- Theatrical release poster
- Directed by: Russell Mulcahy
- Written by: Everett De Roche
- Based on: Razorback by Peter Brennan
- Produced by: Hal McElroy
- Starring: Gregory Harrison;
- Cinematography: Dean Semler
- Edited by: William M. Anderson
- Music by: Iva Davies
- Production companies: UAA Films; McElroy & McElroy; Western Film Productions;
- Distributed by: Greater Union Film Distributors
- Release date: 19 April 1984 (Australia);
- Running time: 91 minutes
- Country: Australia
- Language: English
- Budget: A$5.5 million
- Box office: A$801,000 (Australia)

= Razorback (film) =

1984 Australian horror film

Razorback is a 1984 Australian natural horror film written by Everett De Roche and directed by Russell Mulcahy. It is based on Peter Brennan's 1981 novel. In the film, a gigantic wild boar terrorizes the Australian outback, killing and devouring people. It was released theatrically in Australia by Greater Union Film Distributors on 19 April 1984, and in the United States by Warner Bros. Pictures on 16 November 1984.

It has been called Australia's "greatest creature feature."

==Plot==
Jake Cullen is babysitting his grandson in the Australian outback when a massive razorback boar smashes through his house and carries off his grandson to devour. Jake is accused of murdering the child. Although people do not believe his story, he is ultimately acquitted due to lack of evidence. The event destroys his life, and he vows revenge on the boar.

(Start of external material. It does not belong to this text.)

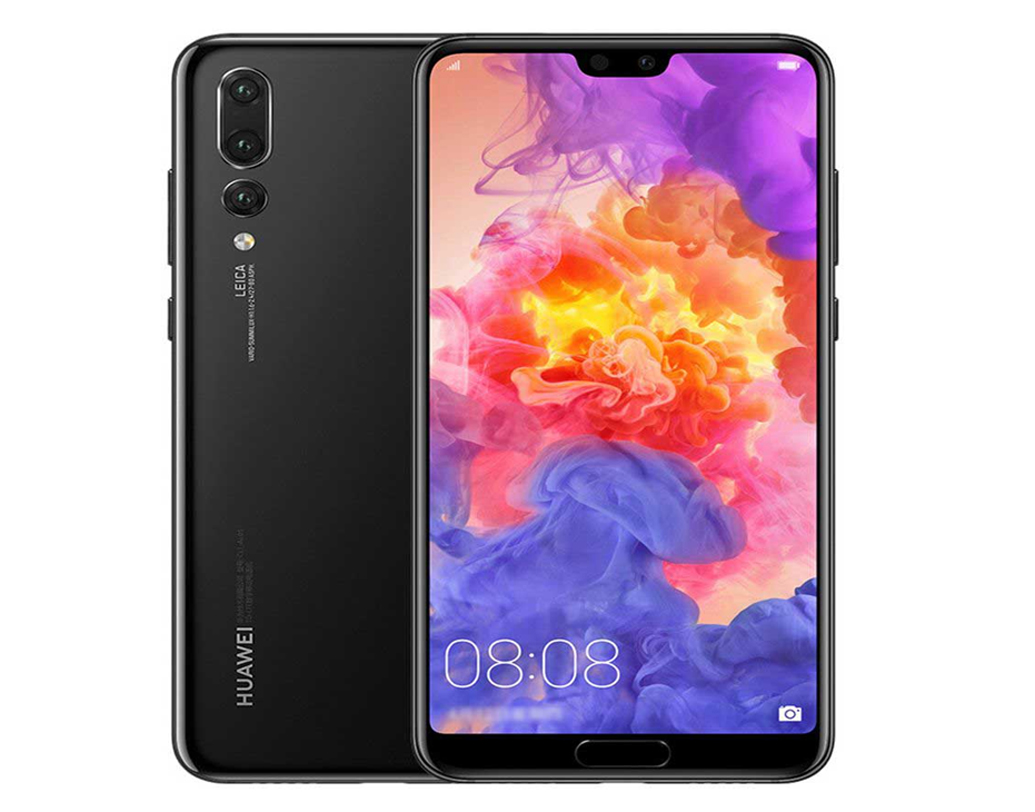 হুয়াওয়েই পি-২০ এই ফোনটিতে পাওয়া যাবে তিনটি ব্যাক ক্যামেরা। এটি স্মার্টফোনের ইতিহাসে প্রথম। এতে থাকার কথা ৪০+২০+৮ মেগাপিক্সেল ব্যাক ক্যামেরা ও ২৪ মেগাপিক্সেল ফ্রন্ট ক্যামেরা। এই ক্যামেরাগুলির সাহায্যে অত্যন্ত ভাল মানের ছবি ও ভিডিয়ো তোলা যাবে।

Two years later, American wildlife reporter Beth Winters is in the outback documenting the hunting of Australian wildlife that is then processed into pet food at a run-down factory. She gets video footage of two thugs, Benny Baker and his brother Dicko, illegally making pet food, and the criminals chase her down in their car. They force her off the road and attempt to rape her, only to be chased off by the same boar that killed Jake's grandson. Beth attempts to hide in her car, but the boar rips off the door, drags her out and eats her. With no witnesses, people assume she fell down an abandoned mine shaft after wrecking her car, and her disappearance is ruled an accident.

Some time later, Beth's husband Carl travels to Australia in search of her and encounters Jake, whom Beth interviewed during her initial report. Jake refers Carl to the local cannery, where he meets Benny and Dicko. He pretends to be a Canadian visitor and convinces them to take him on their next kangaroo hunt. When Carl spoils a potential kill, the two abandon him. Carl is then attacked by a herd of wild pigs, spurred on by the giant boar, which chase him through the night and force him to take shelter atop a windmill. The next morning, the pigs knock over the windmill, but Carl is saved by landing in a pond, which the pigs fear entering.

Once the pigs leave, Carl attempts to make his way back to civilization, all the while suffering from dehydration-induced hallucinations. Finally, he reaches the house of Sarah Cameron, a friend of Jake who has been studying the local pig population and the only person who believes his story of the giant razorback. While recovering, Carl learns from Sarah that something has been causing the wild pigs excess stress leading them to unusual behaviour such as increased aggression and cannibalising their own young. Meanwhile, after learning that Carl had seen the razorback, Jake sets out for the pumping station and shoots the razorback with one of Sarah's tracking darts. He also finds Beth's wedding ring in the boar's faeces, which he returns to a grieving Carl.

Benny and Dicko overhear a radio conversation suggesting that Jake knows what really happened to Beth. Fearful that Jake is attempting to implicate them in her death, Benny and Dicko attack him at his camp, breaking his legs with bolt-cutters and leaving him to be killed by the razorback. His remains are later found by Sarah and Carl, along with marks in the dirt made by Dicko's cleaver. Realising that the brothers were responsible for both Beth and Jake's deaths, Carl attacks Benny at the brothers' lair, interrogating him by dangling him over a mine shaft before dropping him into it. As Sarah gets a group to hunt down the razorback, Carl corners Dicko at the cannery when the razorback suddenly appears and mauls Dicko to death. The razorback then chases Carl into the factory until Sarah arrives and is seemingly killed by the boar.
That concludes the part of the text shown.